STRING: 251221.glr0847

Protein Families
Bacterial CoaD family
Subcellular Location
Cytoplasm.

Q&A

Basic Research Questions

  • What is the evolutionary significance of Gloeobacter violaceus and how does it influence our understanding of coaD?

Gloeobacter violaceus represents one of the most primitive extant cyanobacteria, having branched off from the main cyanobacterial tree at an early stage of evolution, as evidenced by molecular phylogenetic analyses . The organism has several unique characteristics that mark its primordial nature:

  • Complete absence of thylakoid membranes, with photosynthesis occurring directly in the cytoplasmic membrane

  • Distinctive phycobilisome structure that forms bundle-shaped aggregates rather than the typical hemidiscoidal structures

  • Unique genome organization with several insertions and deletions located at the periplasmic side of the photosystem I monomer

This evolutionary position makes G. violaceus coaD particularly valuable for understanding the ancestral characteristics of essential metabolic enzymes. The study of its coaD can provide insights into the early evolution of coenzyme A biosynthesis pathways before the development of specialized cellular compartments like thylakoids.

  • How does the structure of phosphopantetheine adenylyltransferase relate to its function?

PPAT displays a distinctive dinucleotide-binding fold that is structurally similar to that found in class I aminoacyl-tRNA synthetases . The enzyme functions as a hexamer composed of two trimers. Key structural elements include:

  • A conserved TNGH motif (residues 15-18) located on the floor of the active site that makes contacts with the adenylate moiety of dephospho-CoA (dPCoA)

  • The δ-nitrogen of the invariant His18 hydrogen-bonds to the main chain nitrogen of Thr15, maintaining a neutral histidine with a proton localized on its ϵ-nitrogen

  • Vice-like movement of active site residues upon substrate binding that is highly concerted, with only one trimer of the PPAT hexamer showing evidence of dPCoA binding

The enzyme operates by properly orienting the ATP and 4′-phosphopantetheine substrates and binding the pentacovalent transition state, thus lowering the activation energy barrier for the reaction without direct participation of active site residues through proton transfers or formation of covalent intermediates .

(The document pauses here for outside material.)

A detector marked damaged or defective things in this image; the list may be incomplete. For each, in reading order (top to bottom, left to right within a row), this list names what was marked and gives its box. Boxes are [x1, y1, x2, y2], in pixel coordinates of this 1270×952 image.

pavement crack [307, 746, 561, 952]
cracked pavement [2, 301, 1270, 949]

  • What is the metabolic significance of the coaD gene product in G. violaceus?

The PPAT enzyme catalyzes the penultimate step in CoA biosynthesis, a universal five-step pathway utilized to synthesize CoA from pantothenate in both prokaryotic and eukaryotic organisms . In G. violaceus, this pathway is particularly significant because:

  • CoA is an essential cofactor required for central metabolic processes in this primitive organism that lacks typical photosynthetic compartmentalization

  • The CoA-dependent acetyl-CoA pathway likely plays a crucial role in carbon metabolism, especially in conditions of limited photosynthesis

  • As a regulatory step in the CoA biosynthetic pathway, PPAT activity can modulate the organism's metabolic state in response to environmental conditions

Studies in other organisms have shown that disruption of PPAT activity results in severe growth impairment, highlighting its essential nature for cellular metabolism .

Advanced Research Questions

  • What are the optimal conditions and methodologies for expressing recombinant G. violaceus PPAT?

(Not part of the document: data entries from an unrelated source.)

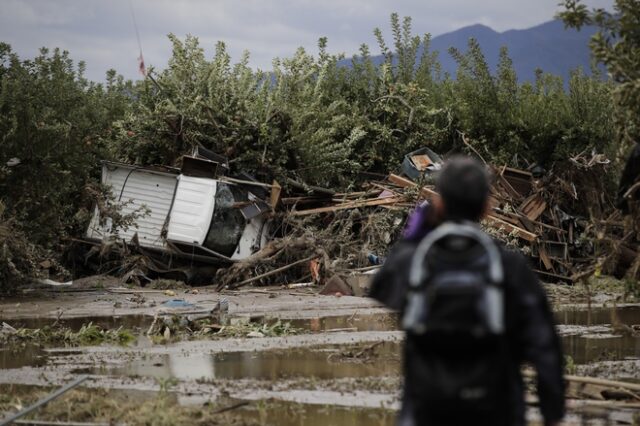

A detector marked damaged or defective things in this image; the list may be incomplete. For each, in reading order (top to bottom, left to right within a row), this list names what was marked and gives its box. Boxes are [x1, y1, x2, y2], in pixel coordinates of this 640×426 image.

overturned white vehicle [85, 153, 272, 266]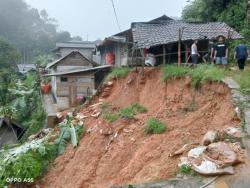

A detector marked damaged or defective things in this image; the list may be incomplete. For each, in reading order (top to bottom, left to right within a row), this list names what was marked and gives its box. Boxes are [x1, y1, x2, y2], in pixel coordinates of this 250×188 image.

damaged house [97, 15, 242, 67]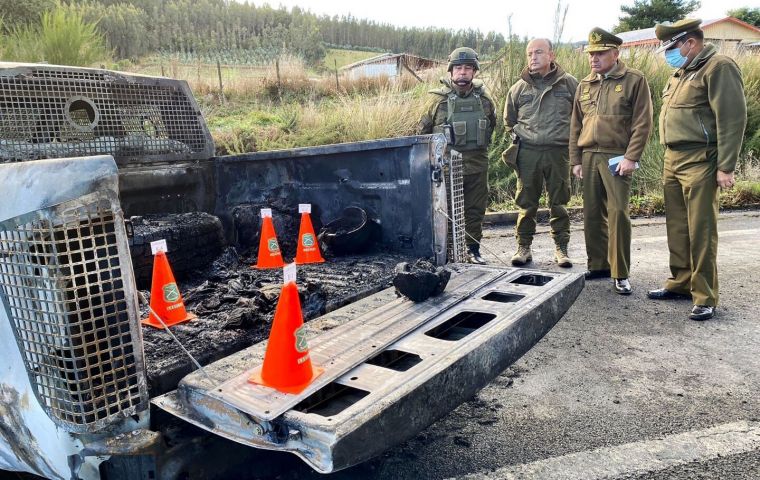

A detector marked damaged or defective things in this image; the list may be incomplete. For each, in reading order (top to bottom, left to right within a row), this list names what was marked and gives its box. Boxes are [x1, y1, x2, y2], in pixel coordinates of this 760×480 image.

burned vehicle [0, 62, 580, 478]
damaged tailgate [153, 264, 580, 474]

Based on established protocols for similar enzymes and considering the unique characteristics of G. violaceus, the following expression system is recommended:

ParameterRecommended ConditionRationale
Expression systemE. coli BL21(DE3)Widely used for cyanobacterial proteins with minimal proteolysis
VectorpET-28a(+)Provides N-terminal His-tag for purification and T7 promoter control
Induction0.5 mM IPTG at OD₆₀₀ = 0.6-0.8Balances protein expression with proper folding
Temperature18°C for 16-18 hours post-inductionSlower expression improves solubility of cyanobacterial proteins
MediaM9 minimal media with 15N/13C labeling (for NMR studies)Enables structural characterization if required
Lysis buffer50 mM Tris-HCl pH 8.0, 300 mM NaCl, 10% glycerol, 1 mM DTTMaintains enzyme stability during extraction

For optimal purification, a two-step approach using immobilized metal affinity chromatography (IMAC) followed by size exclusion chromatography typically yields >95% pure protein. The enzyme should be stored in 50 mM Tris-HCl pH 7.5, 100 mM NaCl, 10% glycerol, and 1 mM DTT at -80°C to maintain activity.

Similar expression methods have been successfully employed for other G. violaceus proteins, such as gloeorhodopsin, where expression in E. coli produced functional protein .

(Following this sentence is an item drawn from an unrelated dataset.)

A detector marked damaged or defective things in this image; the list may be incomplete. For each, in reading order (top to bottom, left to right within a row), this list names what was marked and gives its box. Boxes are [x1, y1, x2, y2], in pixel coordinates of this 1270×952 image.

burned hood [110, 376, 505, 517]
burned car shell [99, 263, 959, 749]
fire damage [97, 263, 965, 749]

  • How can researchers accurately measure the enzymatic activity of G. violaceus PPAT?

Several complementary assays can be employed to characterize PPAT activity:

  • Coupled Spectrophotometric Assay:

    • Principle: Measures the release of pyrophosphate (PPi) coupled to the oxidation of NADH

    • Components: ATP, 4′-phosphopantetheine, pyrophosphatase, phosphoenolpyruvate, pyruvate kinase, lactate dehydrogenase, NADH

    • Detection: Decrease in absorbance at 340 nm as NADH is oxidized

    • Sensitivity: Can detect as little as 0.1 nmol of product formation

  • Direct HPLC Assay:

    • Principle: Directly measures the formation of dephospho-CoA

    • Column: C18 reverse-phase column

    • Mobile phase: Gradient of acetonitrile in phosphate buffer

    • Detection: UV absorbance at 260 nm

    • Advantage: Provides direct measurement without coupling reactions

  • Radiometric Assay:

    • Principle: Uses [α-³²P]ATP to track the transfer of the adenylyl group

    • Measurement: Thin layer chromatography separation followed by scintillation counting

    • Advantage: Highest sensitivity, can detect femtomole quantities of product

When analyzing kinetic data, researchers should be aware of potential challenges in parameter estimation. As noted in search result , kinetic parameters that don't align with kinetic data may indicate an ill-conditioned optimization problem, potentially leading to unrealistically large parameter values. Multiple initial estimates should be used during nonlinear regression to ensure reliable results .

  • What structural and functional adaptations might PPAT exhibit in G. violaceus compared to other cyanobacteria?

G. violaceus PPAT likely exhibits adaptations reflecting the organism's primitive characteristics and unique cellular organization:

  • Membrane Association: Without thylakoids, G. violaceus localizes photosynthetic and respiratory systems to the cytoplasmic membrane . The PPAT enzyme may have specific membrane-interactive domains or structural adaptations to function optimally in this condensed cellular arrangement.

  • Temperature Adaptations: Based on the natural habitat of G. violaceus (limestone rocks in Switzerland) , its PPAT might show optimal activity at moderate temperatures (20-25°C), unlike thermophilic cyanobacteria.

  • Reduced Regulatory Complexity: The primitive nature of G. violaceus suggests that its PPAT might display simpler regulatory mechanisms than those found in more evolved cyanobacteria.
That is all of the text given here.